McCann still has a team option at $12 million, and while some may think this presents the Braves with a tough decision to make, I think the decision is a simple one.
Simple, but a bit complex.
It sounds like an oxymoron, but I just mean that the simple part is knowing that he will be replaced. It gets complex when you figure out how or when you want to do it.
By declining the team option, the club could just cut ties all together before the season starts. This would give them some payroll flexibility while also allowing them to address the catching situation sooner rather than later. However, it may work out to their advantage to keep him around for a little while longer.
If they were to exercise his option and allow him to come back, and prove that he is healthy, they could then trade him, possibly to help fill another need.
It may not make sense to trade if he re-establishes his value, but at that point, the Braves should have already committed themselves to another answer at catcher.
He'd still be an expendable piece, but not one that goes for free.
He may be a popular figure and leader of the Braves, but it can just be a business decision. Whatever the case, moving on from McCann would be a bold move to usher in a new era of Braves baseball.
Josh Hamilton would be expensive, but worth it for the Braves
Signing Josh Hamilton would be the boldest of bold moves that Atlanta could make this offseason.
Before even discussing what this move could mean for the Braves, it must be noted that GM Frank Wren has asserted, possibly due to speculation over this move, that the Braves won't be making rash decisions in free agency.
If I may overlook that for a minute, this is exactly the type of move that the Braves need to make. Take a minute and forget all about Josh Hamilton's off-field problems, though they are a legitimate concern.
Inserting Josh Hamilton into the Atlanta Braves' lineup, with Freddie Freeman and Jason Heyward around him, instantly makes it one of the more dangerous ones in the NL, possibly the whole league.

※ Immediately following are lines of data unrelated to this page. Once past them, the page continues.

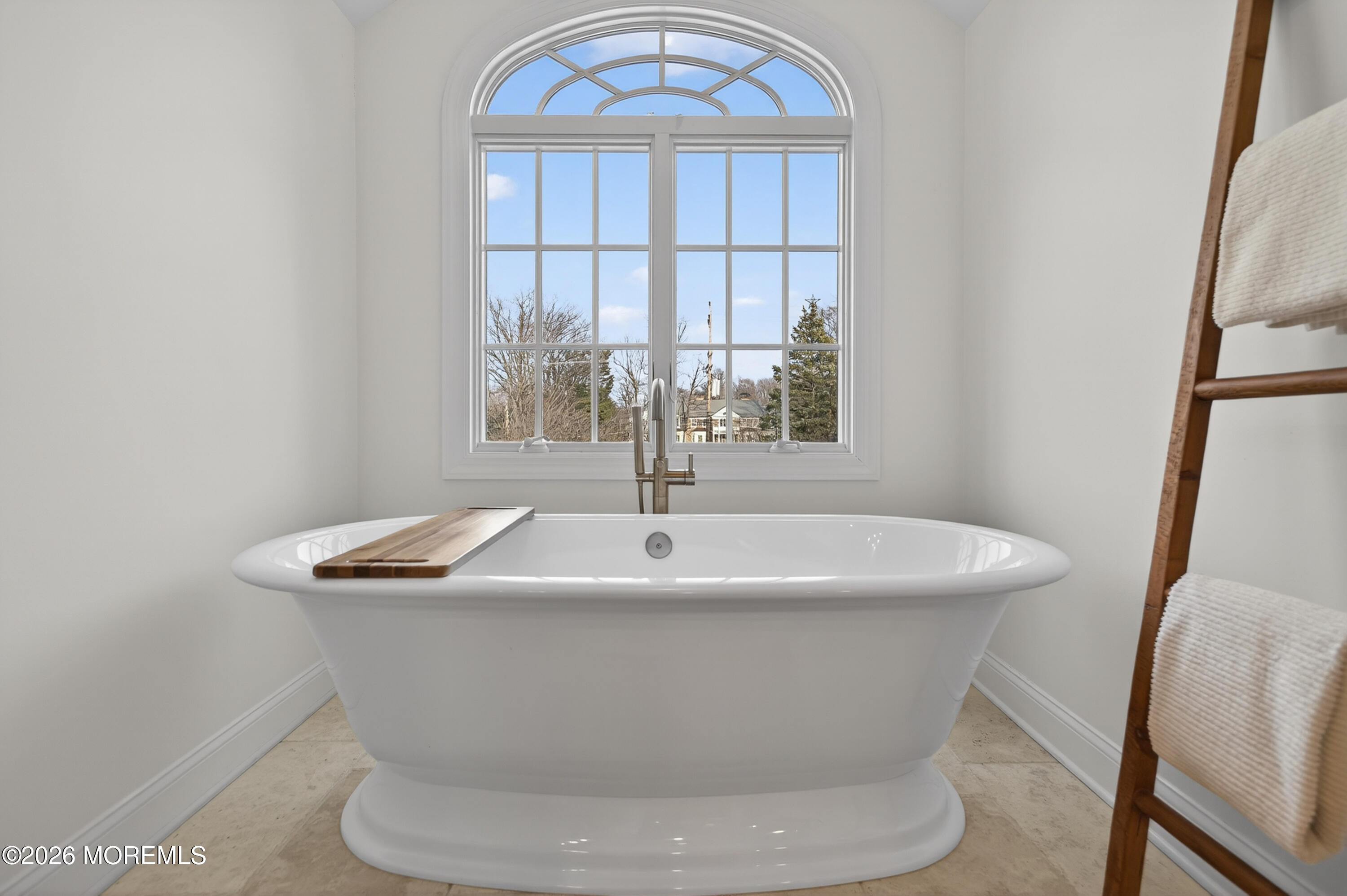 132 Avenue Of Two Rivers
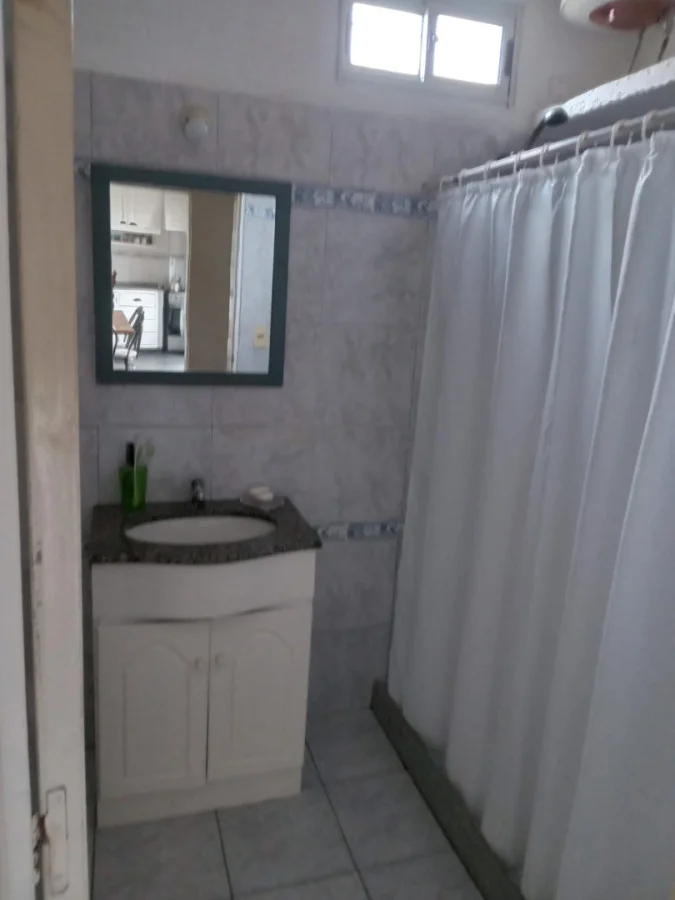 Casa en El Chorro, propiedad 291313 -Imagen 7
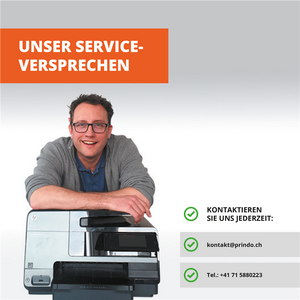 prindo-basic-xl-schwarz-toner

Some like to attribute Hamilton's success to playing in Texas, which does benefit power hitters, but looking at his splits will show you that there's not a glaring difference in home and away stats.
Another negative against Hamilton is his defense. Signing a player to a large contract if he's a liability in the field seems like a foolish idea, but having a plus-WAR rating is a decent indication that his defense doesn't have an impact on the team winning.
The fact of the matter is that Josh Hamilton is a pure hitter and a game changer. The Braves rarely make big offseason splashes on free agents, but they have the capability to make such a move.
No doubt, it would be a bold move that shakes things up in the NL.
Victorino would be another uncharactersitic signing, but is a fit for Atlanta
Center field is another area of concern for the Braves. Michael Bourn is due for a raise, and though he is a good player, the Braves would be wise to let him walk and let him be overpaid elsewhere.
Thus, another hole is made in the Braves lineup.
Now, Braves fans would be sure to question why all the predictions deal with hitters when the starting pitching is also in need of some work.
Fair point, and maybe it's just me, but I think the pitching will be fine.
Injuries and inconsistency plagued them last season. With everybody healthy, and Jair Jurrjens spending some time on mechanics in Triple-A, the starting pitching should bounce back.
Also, rounding out the lineup might take some pressure off the pitching.
Shane Victorino is the first name that comes to mind as a free agent. He, like Hamilton, leans on the pricey side, but he'd be a great replacement for Bourn.
He provides both offensively and defensively, and plays the game with great passion. Not to mention that fact that it might peeve the Philadelphia Phillies, Victorino's former team, which would sure delight Braves fans.
The Braves could also find themselves dipping into their deep pool of pitching prospects to acquire a center fielder.
Jacoby Ellsbury is an interesting name that could be had at a reasonable price, though Boras might make any trade for him undesireable.
If Atlanta wants to keep it cheap and similar to Bourn, Denard Span and Pete Bourjos might also be available.